Education as it should be – passion-based.

Posts Tagged ‘teacher education

Developing a Flexible & Risk-Taking Mindset

with 4 comments

A flexible and risk-taking mindset rather than a fixed one will benefit all stakeholders in an educator’s realm: the educator’s learners, colleagues, her or his learners’ families, the community, the field of education-at-large, and of course, the educator him-or herself.

Mindset is defined as “a set of assumptions, methods, or notations held by one or more people or groups of people that is so established that it creates a powerful incentive within these people or groups to continue to adopt or accept prior behaviors, choices, or tools.” (https://en.wikipedia.org/wiki/Mindset)

Given today’s climate in education systems, one based on accountability, scripted curriculum, and teaching to the teach, far too many teachers develop a fixed mindset. Many educators feel forced into a paradigm of teaching where they feel subjected to teaching practices outside of their control. Then when they are asked to engage in a process of continued growth and development, many profess: “I don’t have enough time.”, “I don’t have enough resources.”, “I need more training.”, “I need to teach using the textbook.” ,”I need to teach to the test.”, “I might lose control of the class.”, “I have always successful taught this way.”

Mindsets-1

What happens way too often is that given these restraints, educators develop feelings of powerless and of learned helplessness. This leads to developing beliefs that they have no freedom to take risks nor to try out new things in their classrooms. Sadly, though, this becomes an over-generalization.

It is a myth that we operate under a set of oppressive bureaucratic constraints. In reality, teachers have a great deal of autonomy in the work they chose to do in their classrooms. In most cases it is our culture that provides the constraints. For individual teachers, trying out new practices and pedagogy is risky business and both our culture, and our reliance on hierarchy, provide the ideal barriers for change not to occur. As Pogo pointed out long ago, “we have met the enemy and it is us.” http://www.cea-ace.ca/blog/brian-harrison/2013/09/5/stop-asking-permission-change

Instead of this type of fixed and paralyzing mindset, educators should focus on having a flexible and risk-taking mindset. I know that these qualities can be part of a growth mindset which is usually discussed in terms of a growth vs. a fixed mindset.  I wanted, though, something specific to educators that signifies their willingness to keep evolving and building their professional skills.

What follows are some strategies educators can use to develop, further develop, and maintain a flexible and risk-taking mindset:

  • Develop an awareness when you enter the status quo and mediocrity complacency. Recognize it. Revisit it often. Talk about it. Shake yourself out of it in any way possible!  Interestingly, Mr. C. discussed this in a very recent blog post.
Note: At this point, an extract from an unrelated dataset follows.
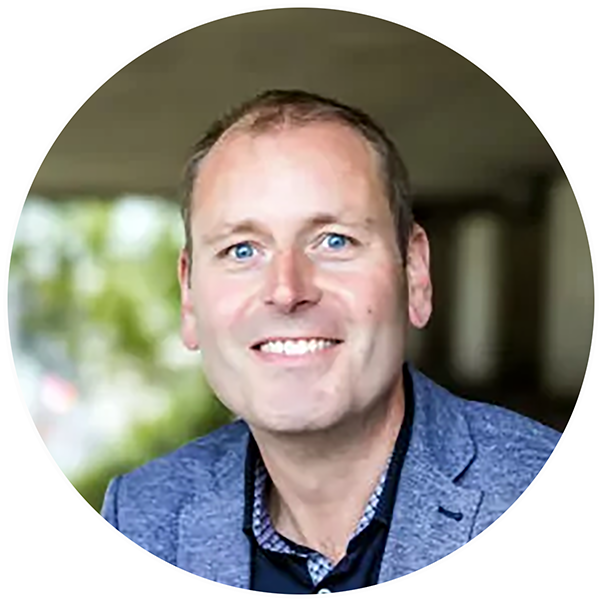 Orlando Sardaro (1972) studeerde Industrieel Ontwerpen aan de TU Delft en richtte in 2005 Design8 op. Vanuit Design8 verkoopt en ondersteunt hij ontwerpsoftware, voornamelijk via resellers.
I developed an “If it ain’t broke why fix it” attitude. By being comfortable and satisfied with the status quo had I stopped learning, innovating, moving forward…being successful? (Does the Status Quo Make you Comfortable?)

  • Engage in continuous reflective practice. As I discussed in Where is reflection in the learning process?, educators need to be engaged in ongoing reflective practice to stay fresh and invigorated, and to insure that your actions in the learning environment are done with intentionality.
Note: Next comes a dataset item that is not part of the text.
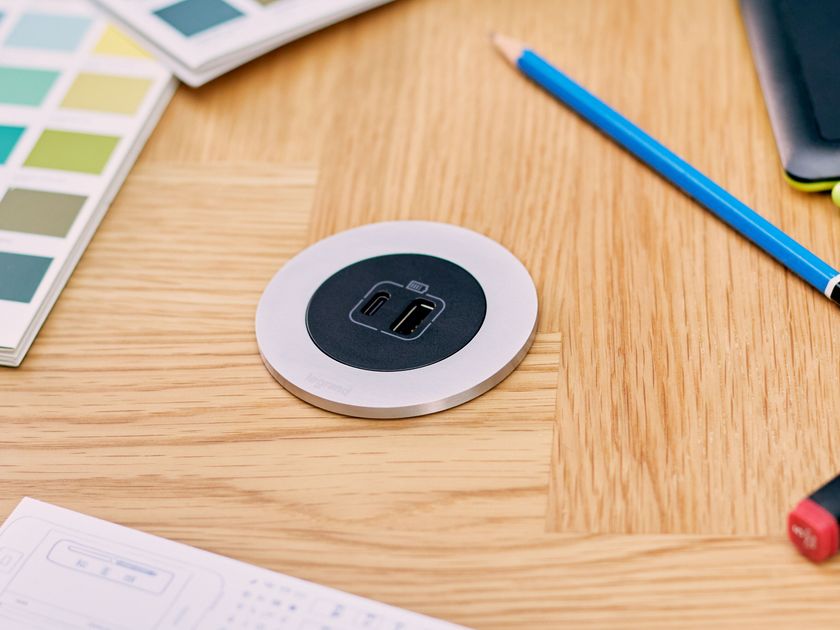 Legrand
INCARA™ DISQ 60
Electrical socket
The critically reflective habit confers a deeper benefit than that of procedural utility. It grounds not only our actions, but also our sense of who we are as teachers in an examined reality. We know why we believe what we believe. A critically reflective teacher is much better placed to communicate to colleagues and students (as well as to herself) the rationale behind her practice. She works from a position of informed commitment. She knows why she does and thinks, what she does and thinks.  Stephen Brookfield

  • Establish both face-to-face and online personal/professional learning networks with other educators and other professionals, ones who try to live their professional lives with a flexible and risk-taking mindset.
  • Try and learn new things in the classroom modeling taking risks and being a lead learner. As A.J. Juliani notes in 10 Risks Every Teacher Should Take With Their Class:

As I work with students and teachers there is one common thread that the “stand-out” classrooms share: They take risks. Not only do these students and teachers take learning risks, but they also take them together. They are partners in the learning process, where the teacher is the “lead learner”.  A.J. Juliani

  • Attend conferences, workshops, and other professional development opportunities outside of your comfort area . . . way outside of your comfort zone.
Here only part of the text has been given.